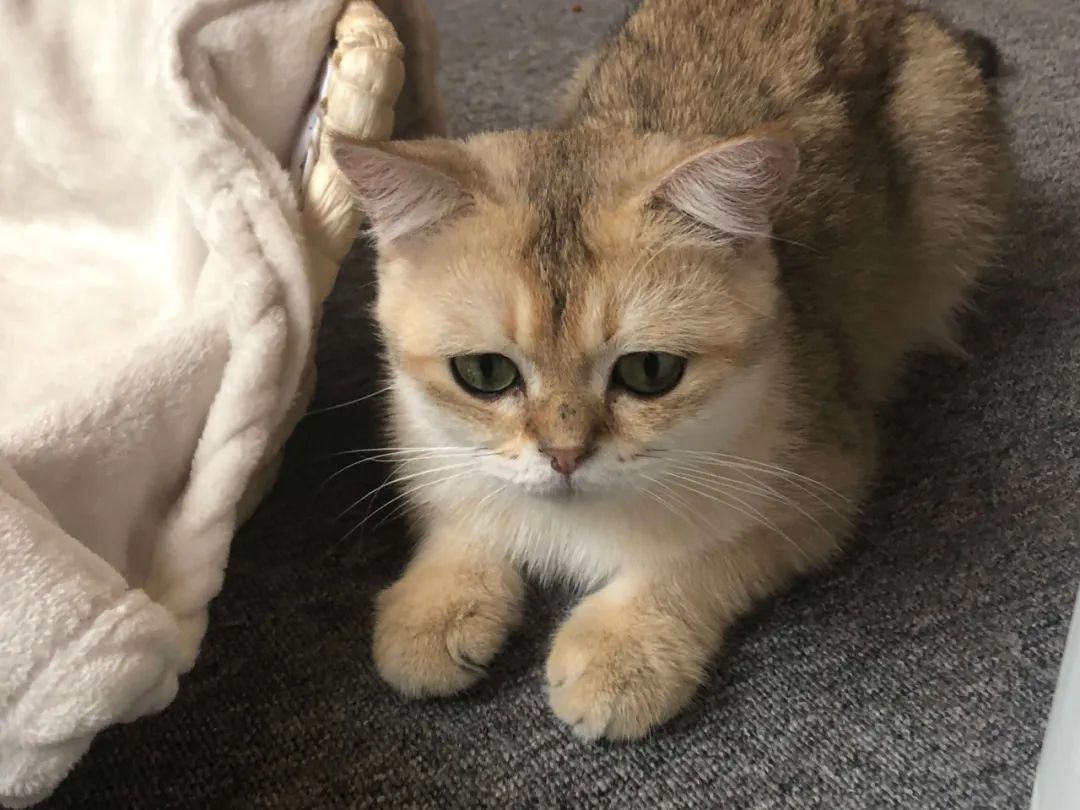 用醋给猫洗澡除跳蚤行不行,给猫除跳蚤猫舔了毛怎么办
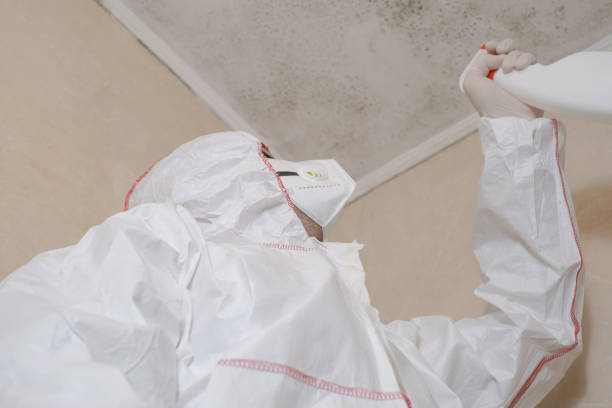 Best Crawl Space Mold Removal  in Otisville, NY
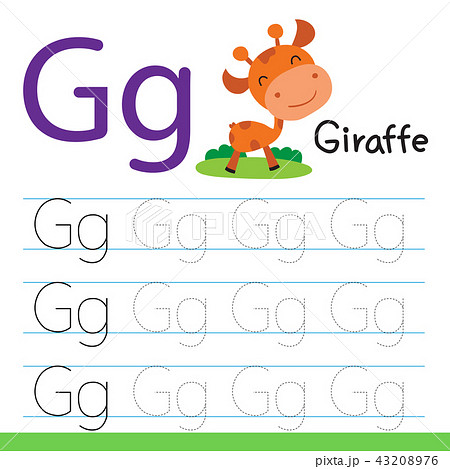 giraffe drawing line vector design 43208976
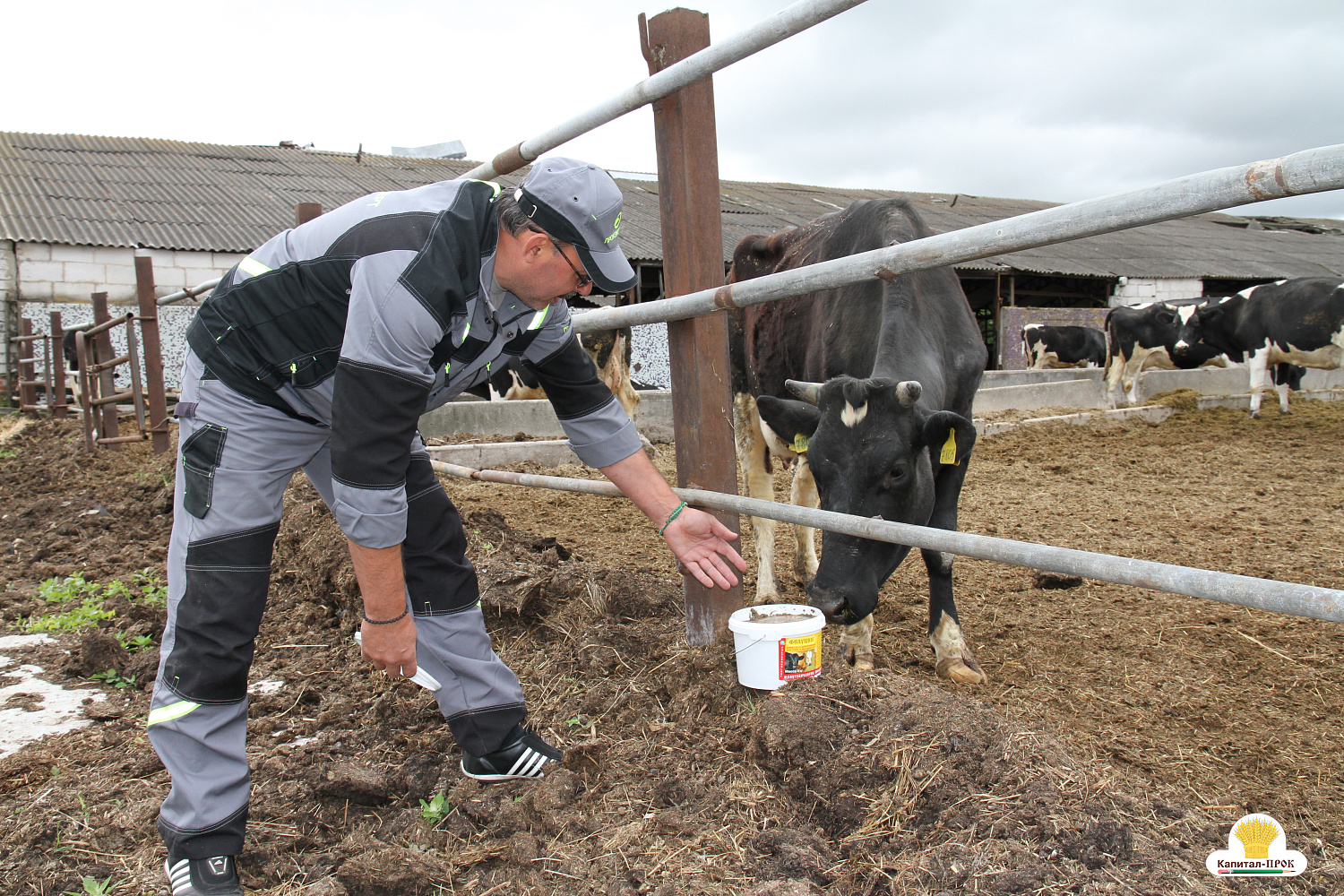 Капитал-ПРОК Страна стал спонсором профессионального конкурса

= = = = = = =

# WHAT YOU ARE ASKED TO DO:
Going from the line that holds "giraffe drawing line vector design 43208976" to the end of the listing above, copy each line exactly and nothing more, leaving pictures aside.

# ANSWER BOX:
 giraffe drawing line vector design 43208976
 Капитал-ПРОК Страна стал спонсором профессионального конкурса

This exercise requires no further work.